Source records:
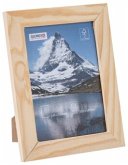 Bilderrahmen m. Glas 14,5x19,5cm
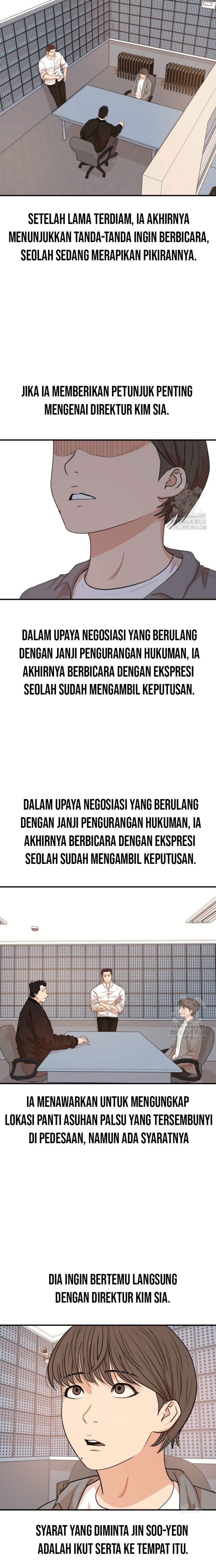 Guard Pass Chapter 174 Bahasa Indonesia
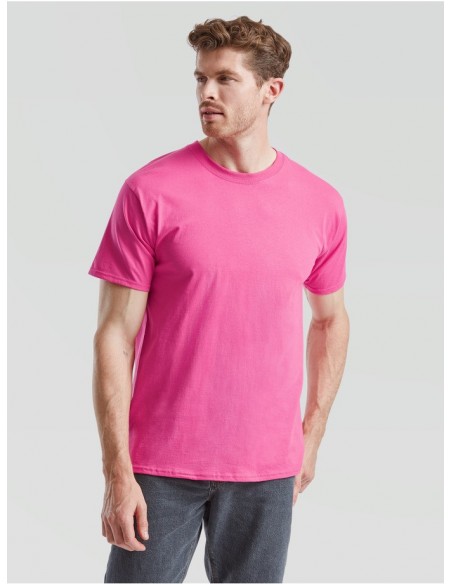 Camiseta fruit of the loom valueweight t adulto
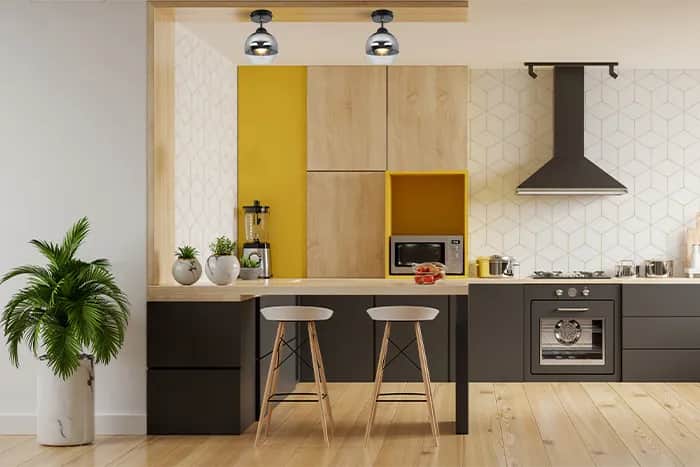 Jakie oświetlenie do małej kuchni? Kluczowe wybory dla funkcjonalności i stylu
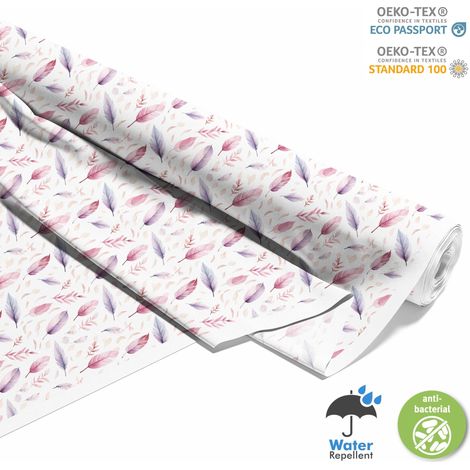 TESSUTI DECORATIVI PER ESTERNI OXFORD - Piume - DX2262 (1/5)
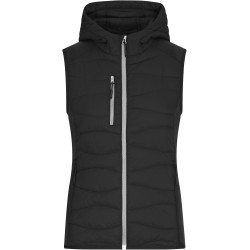 Dámská strečová fleecová vesta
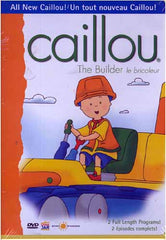 Caillou - The Builder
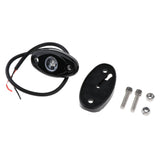 Max Rock Light Kit LED Under Glow w/wiring Wheel Well body frame fender Green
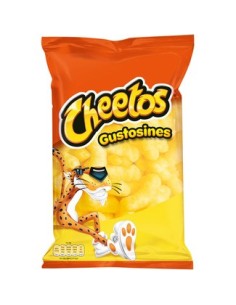 Cheetos Gustosines 80 gr.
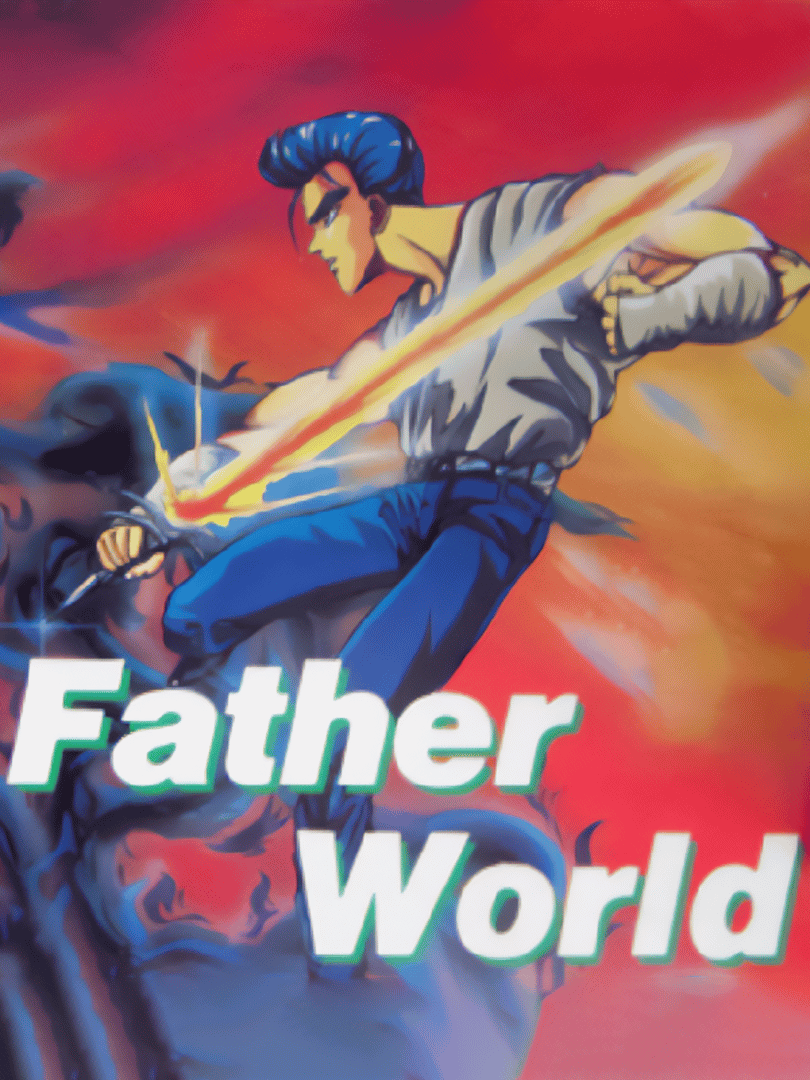 Father World Cover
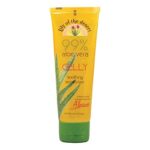 Lily of The Desert Aloe Vera Gelly Soothing Moisturizer, 4 Ounce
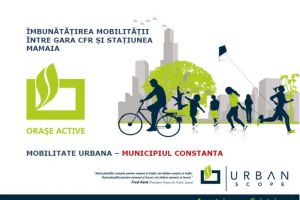 Investitie uriasa in Constanta. Trei bulevarde, reabilitate si modernizate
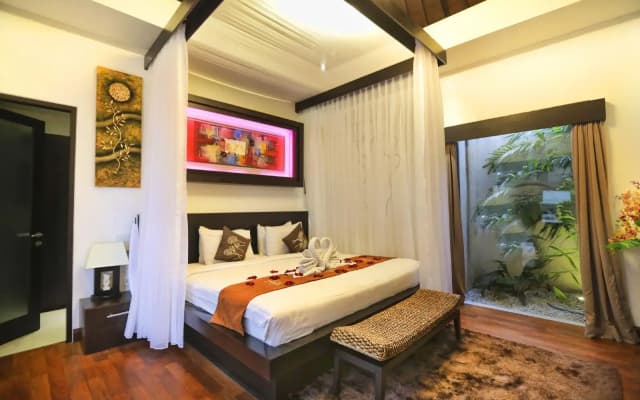 Blue Marlin Legian Villa - photo 3
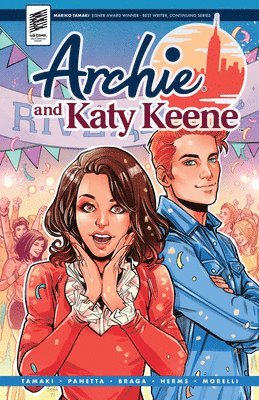 Archie & Katy Keene 1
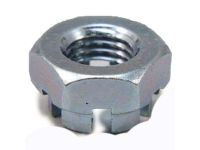 Honda 90321-SE0-000 Nut, Ball Pin (Upper) (10MM)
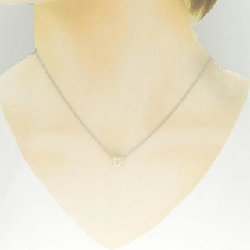 Dây chuyền kim cương PT900/PT850 1.500CT LY SI2 cắt hình fancy - Hàng hiệu Authentic 875037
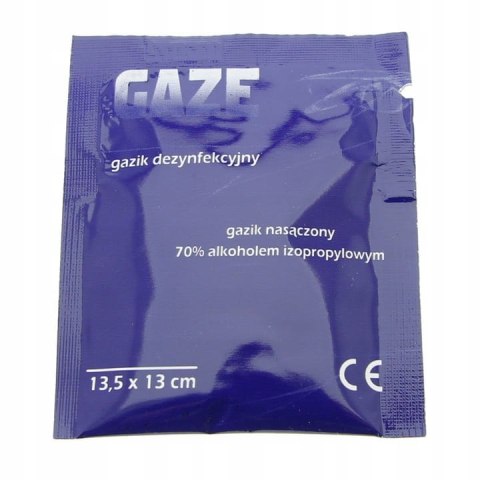 GAZIK DEZYNFEKCYJNY GAZIK DEZYNFEKCYJNY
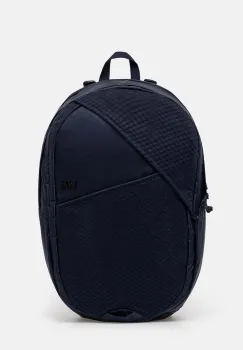 Helly Hansen rucsac culoarea albastru marin, mare, neted, 67577 imagine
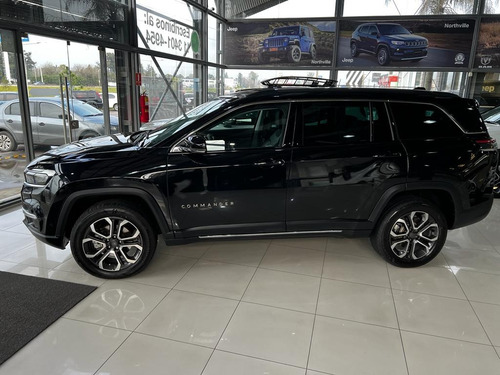 Jeep Commander 2.0 Td380 At9 4x4 7pas Limited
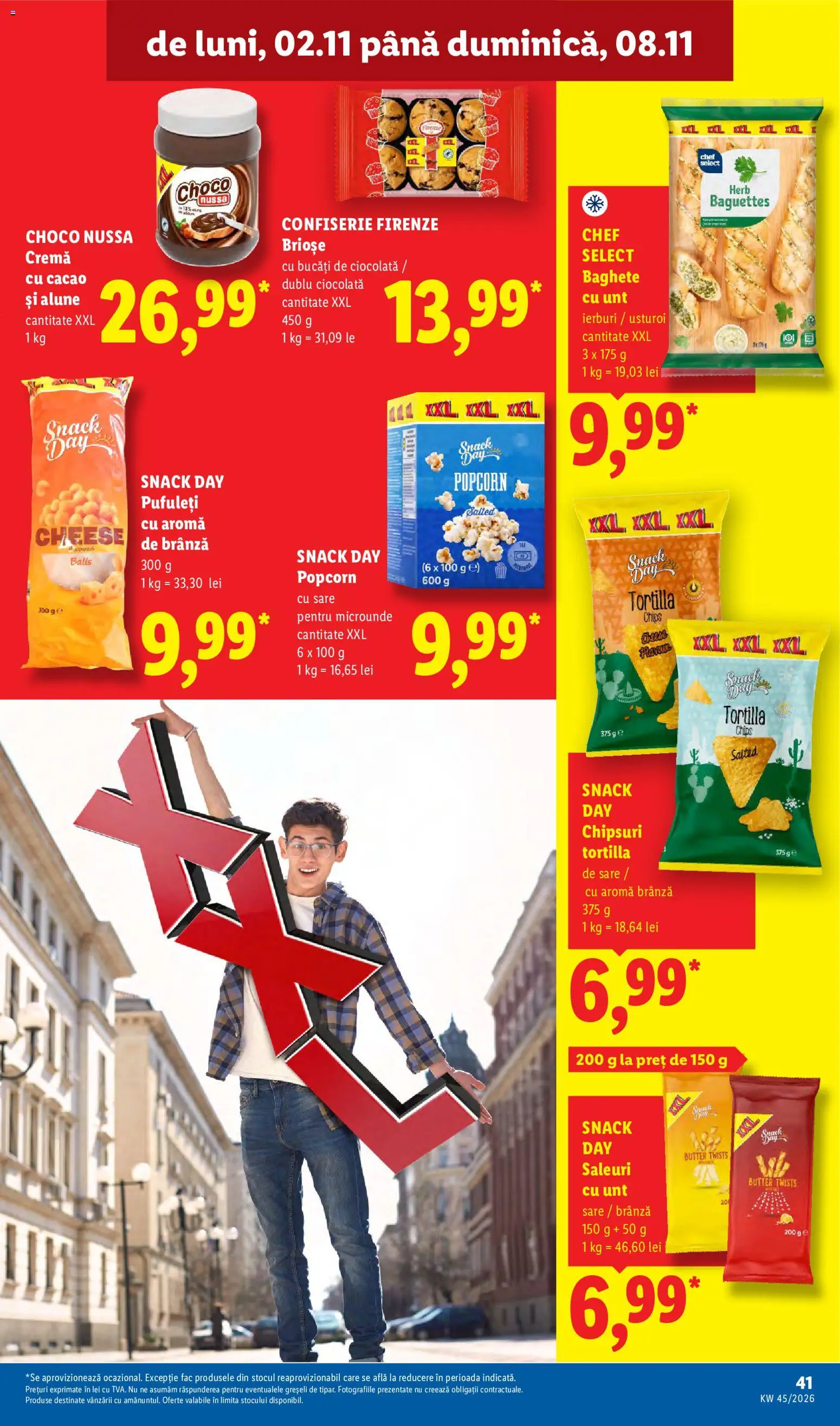 Noul catalog Lidl – valabil de la 02.11.2026 | Pagină: 41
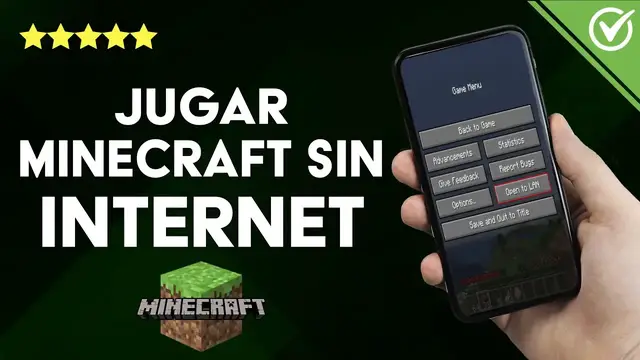 Video thumbnail for ¿Cómo puedo jugar a MINECRAFT sin Internet? - Juega offline a tu ritmo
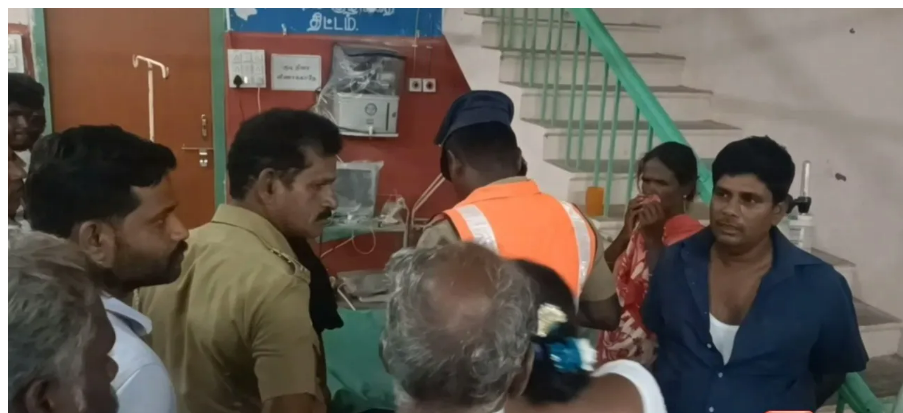 வாகன ஓட்டிகளே உஷார்!! லிப்ட் கொடுத்தவரை கொலை செய்ய முயற்சி!! பகீர் பிண்ணனி!!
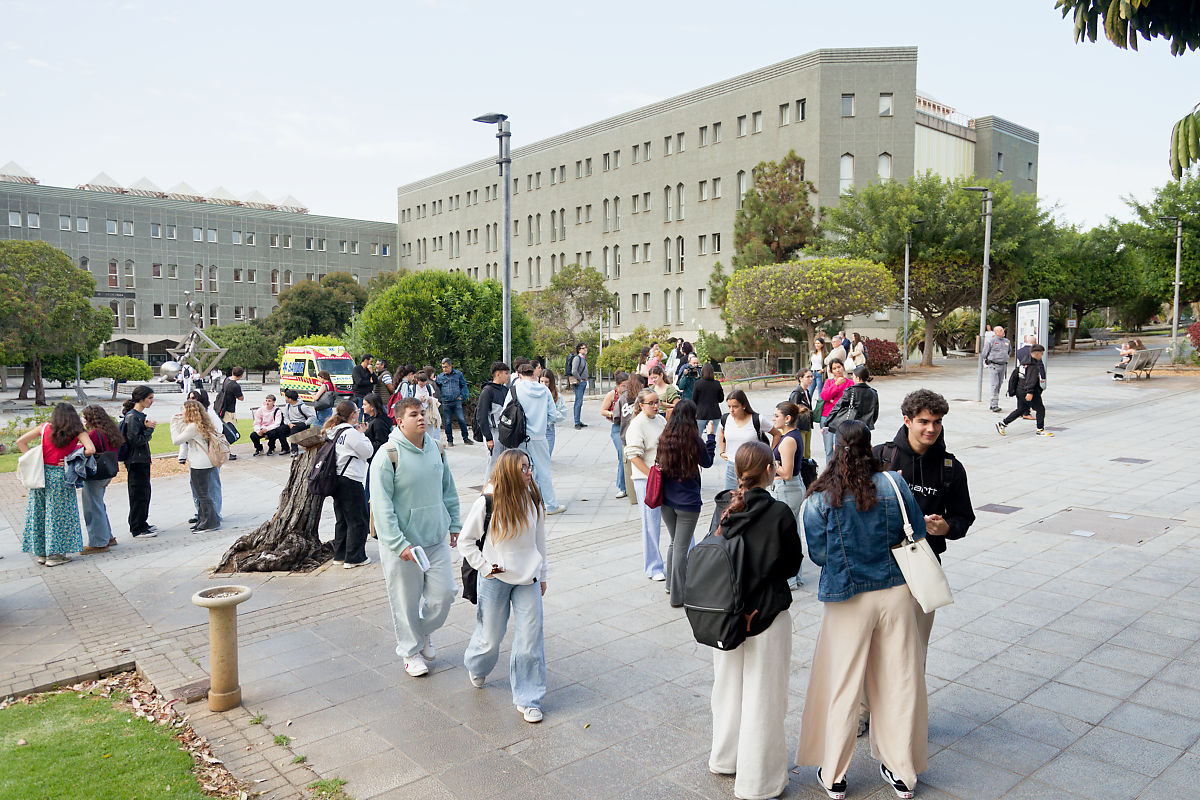 Universidad de La Laguna tweet media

> _TO DO_: No pictures belong in the output. It should reproduce exactly the lines from the one containing "Video thumbnail for" through the end of the data, both ends included.

> _RESPONSE TO THIS EXERCISE_:
 Video thumbnail for ¿Cómo puedo jugar a MINECRAFT sin Internet? - Juega offline a tu ritmo
 வாகன ஓட்டிகளே உஷார்!! லிப்ட் கொடுத்தவரை கொலை செய்ய முயற்சி!! பகீர் பிண்ணனி!!
 Universidad de La Laguna tweet media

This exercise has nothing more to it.